Business says that the most important skills students need are communication and to be able to work in groups. It is important to Focus on Teamwork!GroupFramed.png


Most of the activities work best when students work together to solve the problems. Communicating mathematically will be enhanced through good group work. Teams that have active group members will be more successful than teams that are not invested in the activity.

Putting students in teams or partners and setting them off to do a problem just isn’t effective. Getting students to the point of being effective in groups takes a commitment on the part of the teacher and will not happen after one lesson. Here are some ideas to help your students to work cooperatively to solve problems

1. Arrange your room so that teams are able to face each other and so that you can move from one team to another easily.

2. Carefully choose the activities that capitalize on contributions of all group members and encourage mathematical discourse.

3. Each of the activities has recommended team sizes. In each team, try and vary them by ability levels, ethnicity, and gender if at all possible.

4. Prepare your students for working in groups. Do NOT assume that they know how to effectively work in teams.

  1. Students should know the objectives for the lesson.
  2. Procedures for working together should be clear.
  3. All team members need to focus on a common goal and realize that the success or failure of the team will be shared by the team members.
  4. Each team member has an important role to play if the team is going to be successful.
  5. Students should only ask for the teacher’s help after the team has worked through the problem as a team.
Expected outcomes should be clearly communicated and understood by each team member.
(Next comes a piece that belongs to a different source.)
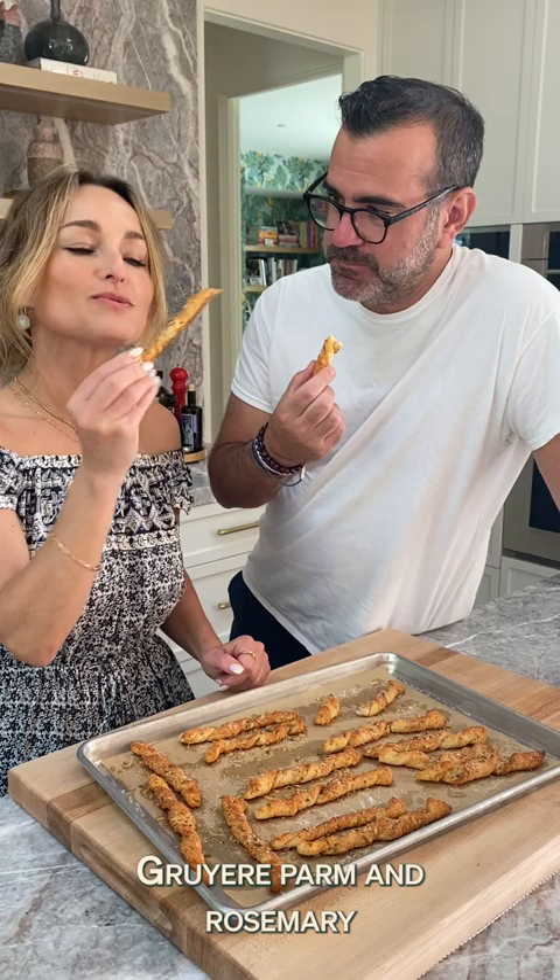Gruyere, parm, and rosemary. This one's a glass of wine and they're good. They're really good.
Your role as the teacher must encourage team work

  1. Monitor student behavior, providing assistance only after teams have worked together. (You could start by posting the answers to homework, having students work through the problems in their teams and decide on which one(s) they are unable to complete without further help. This will help to minimize problems that need to be gone over in class.)
  2. Ask questions instead of providing hints. Write down some critical questions that you’d like students to be able to answer while preparing for the activity.
  3. Remind students of their roles and hold students individually accountable for them.

Student roles

Students will need practice with their roles. If possible, keep teams together for more than one activity and keeping the roles the same as students learn how to do them well.

1. Recorder – This person records all of the team answers and the supporting work for the problem. This person could also act as the spokesperson for the team when presenting to the class.
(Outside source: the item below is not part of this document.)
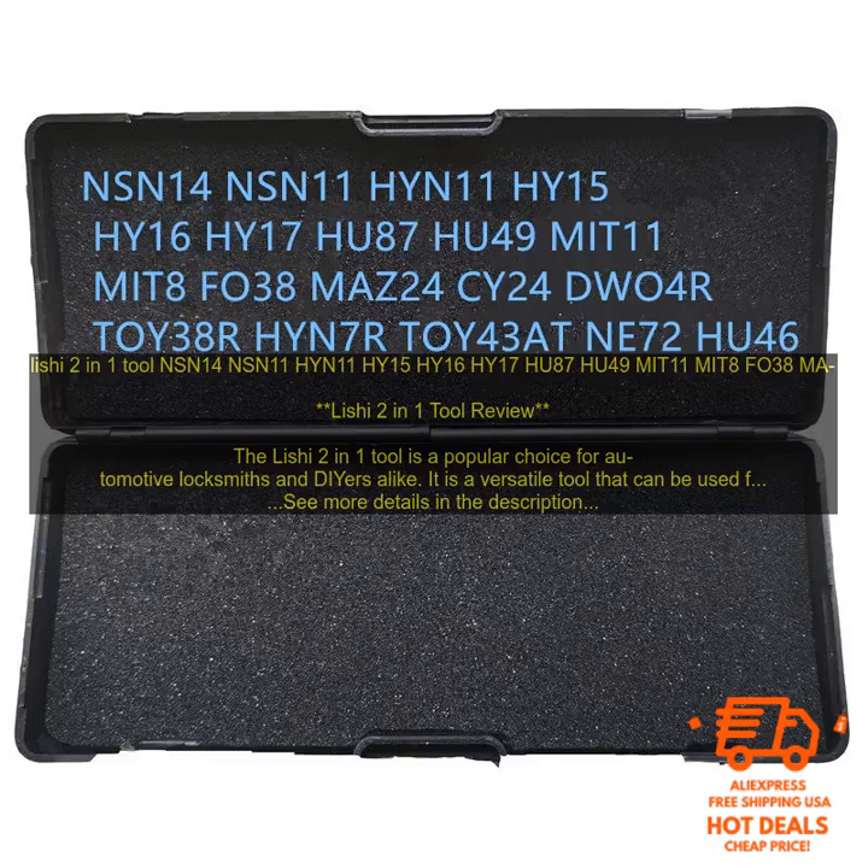Here are some of the drawbacks of using the Leachy 2-in-1 Tool: It is a specialized tool that may not be necessary for everyone. It can be difficult to find replacement parts. And it is not as durable as some other tools on the market.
2. Manager – This person is in charge of making sure that each team member has input and a voice in the process. This person is to make sure that no one person dominates the discussion or does all of the work for the team.

3. Cheerleader – This person makes sure that the contributions of the team members are appreciated by complimenting good contributions during the activity.

4. Umpire – This person guides the discussion, watches the time, and helps to keep the team focused on the activity.

As students are learning their roles, it may be helpful for half the teams watch another team while they are working and provide feedback to the teams about the process as well as the mathematics – like a fishbowl. Then, the next time reverse the roles. This works best at the beginning of the year when your class is beginning to work in teams. It also legitimizes the process and clarifies the expectations of the students and their roles.

Other Ideas & Resources

  1. Here's a great video to watch (above) and listen to a teacher who wants quality work from his students when they work in groups.
    How to teach Math as a Social Activity: Remember, clear directions and expectations have to be given before breaking up into groups. This is key to productive group work. Learning to work in groups is not something that can be done in one lesson, but you can take ideas from the video and put them into many lessons.
  2. A presentation of a problem on the computer or poster board by a group can help keep them on task... but again, a time limit and format for them to fill in is a necessity. About time limits... start with at short problem with a short time, and slowly add more to the problem and more time.
  3. Try the jigsaw: the number of people in a group is the number of problems that are being worked on. Jigsaw means that each group becomes an expert on a problem and then the groups are broken up to have one member from each group form asecond group. (An organizational method would be to give everyone a letter or colored tile as they walk into a room to assign them into their first group. Then in the groups, have them nubmer off to assign them their second groups.) By then end of class, everyone needs to successfully "teach" their problems and everyone needs to hand in a copy of a solution to each problem for the day.
  4. (JM) When implementing group work today in my lesson, some things could have gone better. Here's advice from my experience: Whenever I left a group to work on their own, they got off track. In order to avoid this, plan to have stopping points so groups stay on track. Make sure you do not let the students have more than 5 minutes of "group work time" at a time. This was the first time group work was used in the classroom. A few students wanted me to walk them through the problem step-by-step because they're used to class lectures. Give them hints, but don't be afraid to walk away so you make sure you visit every group. Implementing group work takes a lot of planning and learning from mistakes. You will learn from the mistakes though so don't disregard group work if it doesn't go smoothly the first time. The people skills students will learn through group work are essential. (JM)
  5. (JM)Try to think of a creative way to break the class up into groups instead of just having them pre-sorted. I played a domino game, so I handed out blank domino pieces and domino pieces with dots on them. The people with dots had to find a partner with a blank piece. Try to make it pertain somewhat to the lesson so you can easily transition into the activity for the day.